Here are some of the facts:
The IRS tax code is complicated, ambiguous and ever-changing.
Income taxes are a significant expense item for most small businesses.
Many businesses do not take advantage of legal tax strategies.
Many businesses pay too much in income taxes.
Don't be intimidated. Find someone to explain the income tax system and how it applies to your business.
Here are some areas to think about in order to minimize your tax bill:
Tax vs. book methods of accounting - You need to understand the difference between your book method of accounting (typically, the accrual method) and the tax method (the method that your taxable income is derived - it could be accrual, cash or one of several other methods). Given your current and projected future company financial profile, there may be methods available to you that offer more flexibility and tax deferral options.
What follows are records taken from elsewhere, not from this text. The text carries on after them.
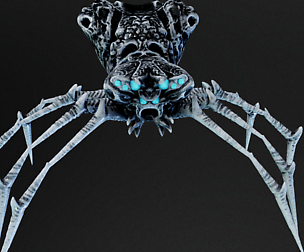 Spider Var2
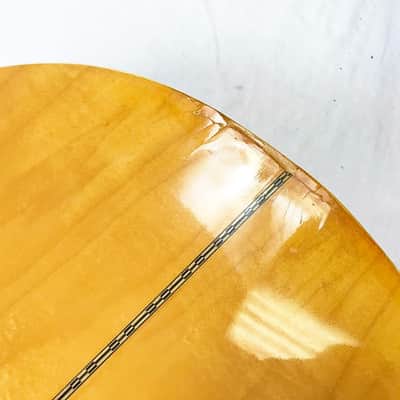 Epiphone Elvis Presley EJ-200E Acoustic Electric Guitar - Natural image 7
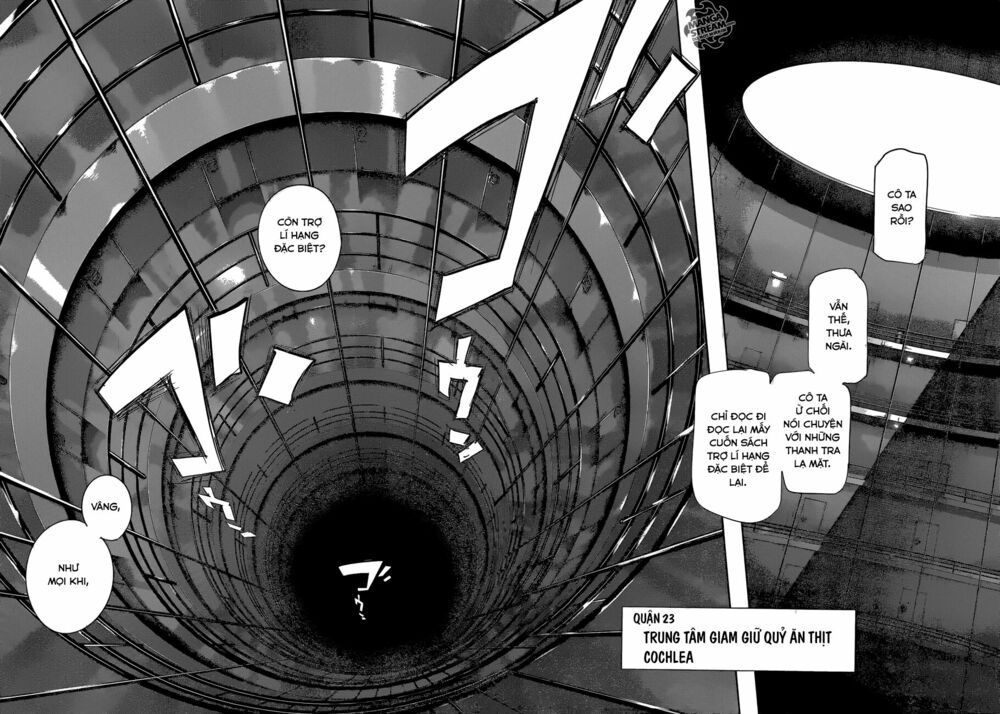 Ngạ Quỷ Vùng Tokyo 2: Chapter 59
On a recent business analysis for a client, we determined that changing the tax accounting method to another industry-accepted method would save a present value of $100,000 in taxes over the next five years. This change did not eliminate the taxes the business would owe, but postponed them. This represented real money for the business. Management decided that in the near term, the money could be better utilized in the business than giving it to the government. Certain industries offer more flexible tax accounting methods than others, and some method changes require IRS approval, while others do not. Ask Questions. A method change may be worth it for your business.
Estimated tax Payments - Generally, two points on estimated payments apply: 1) estimated income taxes are due uniformly throughout the year; and 2) current year estimated tax payments are based on last year's tax. If you don't follow the rules and underpay the IRS, you will be penalized. On the other hand, it you overpay them, you get the satisfaction of granting them an interest-free loan. The idea is to remit just enough tax to avoid penalty.
The tax law allows businesses to satisfy the estimated tax prepayment requirements in a variety of ways - many times it is not as simple as last year's tax divided by four equals your current year quarterly estimated tax payment amount. Make sure you are making the best choice as to when taxes are really due.
Depreciation – The popular Section 179 deduction has been extended through 2010, and allows businesses to expense some new or used depreciable assets in the year they are placed in service. This tax election allows an initial year deduction of up to $250,000, and begins to phase out dollar for dollar when total asset acquisitions exceed $800,000. It can only be used if your company has taxable income, however, any unused amounts can carryforward to future years. In addition, 2008 and 2009's "50% bonus depreciation" is in political limbo right now, and has not yet been renewed for 2010. Stay tuned on this one.
Have a taxable loss? - Another tax savings strategy is taking advantage of tax law that allows businesses to carry back losses. The carry back period was expanded to up to five years for 2008. Previously you could carry back a loss only two yeas in most cases. This increases your ability to successfully carry back taxable losses to offset previous tax-paying years, thus obtaining cash refunds now, when you need it.
Happy planning - Income tax planning is a part of sound comprehensive business planning, an important component that assures your business has the needed capital and cash to sustain business operations. Be smart - give it the strategic attention that it deserves.